If you had 2 mischievous and devious brothers like mine you might be wondering how a country can have uncomfortable, bunched underwear. You might also be in need of therapy to rid yourself of the scars of their pranksBut, alas, I digress. In this case the wedgie I refer to is the rising wedge pattern that has developed in the Brazil stock market proxy, EWZ.
As you can see in the daily chart below EWZ has broken down from a perfect 5-touch rising wedge and currently sits on important horizontal support. I think this has a lot more downside if we get a confirmed move below support as this breakdown has occurred after the formation of bearish momentum divergence. If you are short Brazil’s stock market like me, it is important to know ahead of time where likely reversals may occur, a logical place to exit your short position. The pattern’s conservative first target is the $28.50 area, some 11% lower than where we closed yesterday. If the market doesn’t find support in that area and gathers some steam to the downside, the next likely target is the $26 area.

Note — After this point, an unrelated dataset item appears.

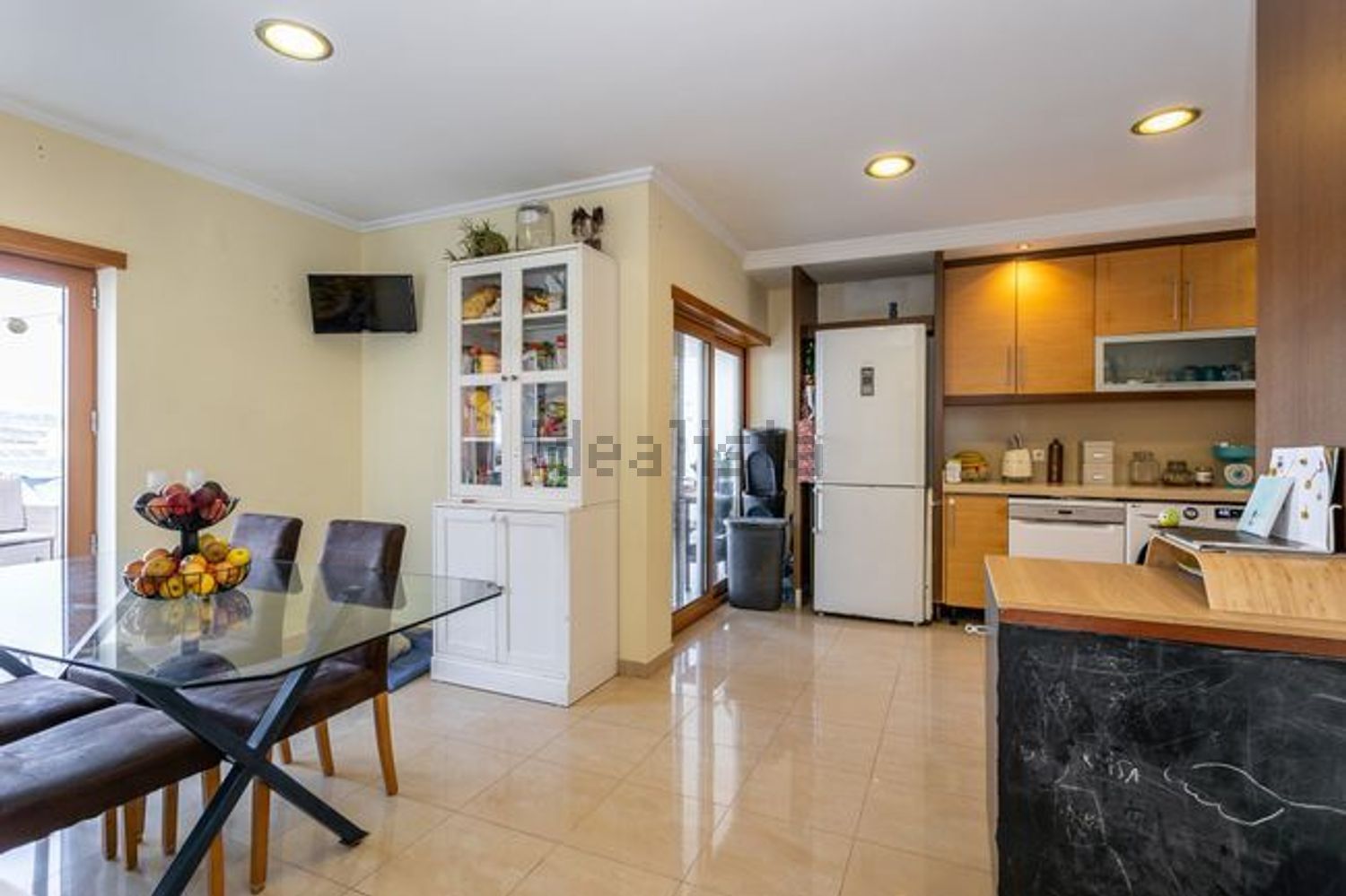 小楼房或独栋别墅出售在Rua Adão Manuel Ramos Barata - 厨房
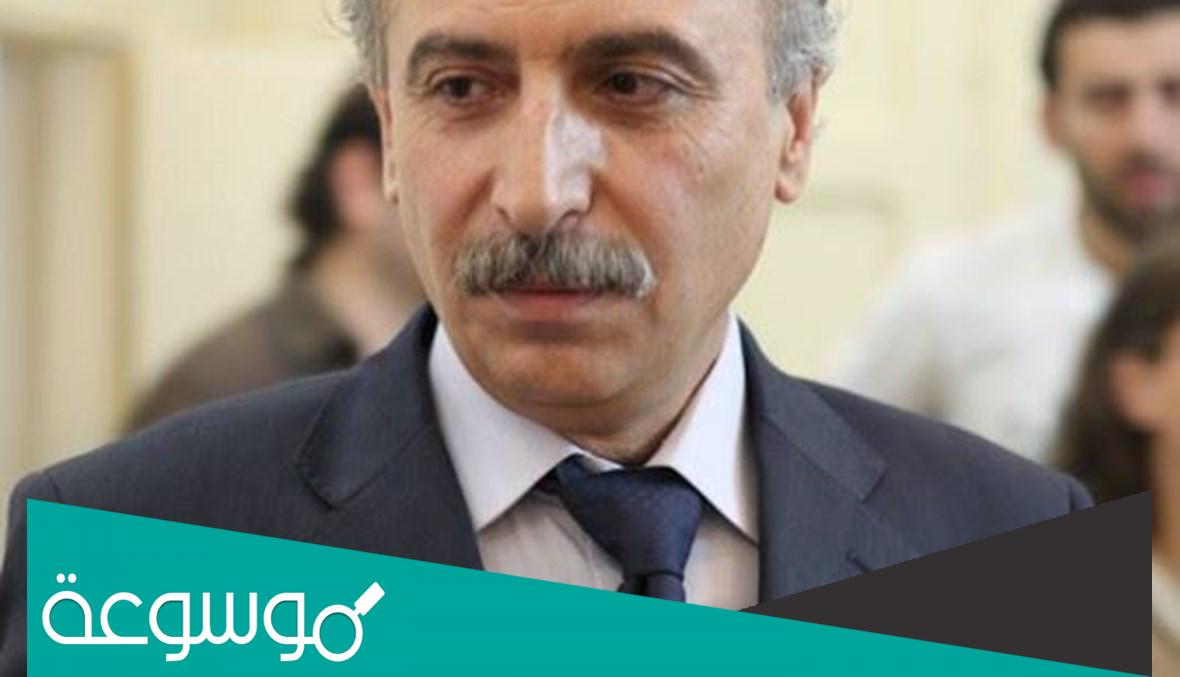 من هو لؤي حسين ويكيبيديا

This sane area is a very important level as it represents a confluence both a pattern target and the 200 day moving average.
As of right now and because EWZ is still in a defined uptrend on both the daily and weekly time periods we need to give the benefit of doubt to the bulls and view this breakdown as nothing more than a normal corrective pullback. But future events can always change the tide and as such we always need to keep an open mind and adapt to what the market gives rather than what we want or expect.
If this pattern works out as expected and there is interest, I have saved a couple of other relatively unknown “technical” patterns the noogie and wet willy (my oldest brothers personal favorite) for later.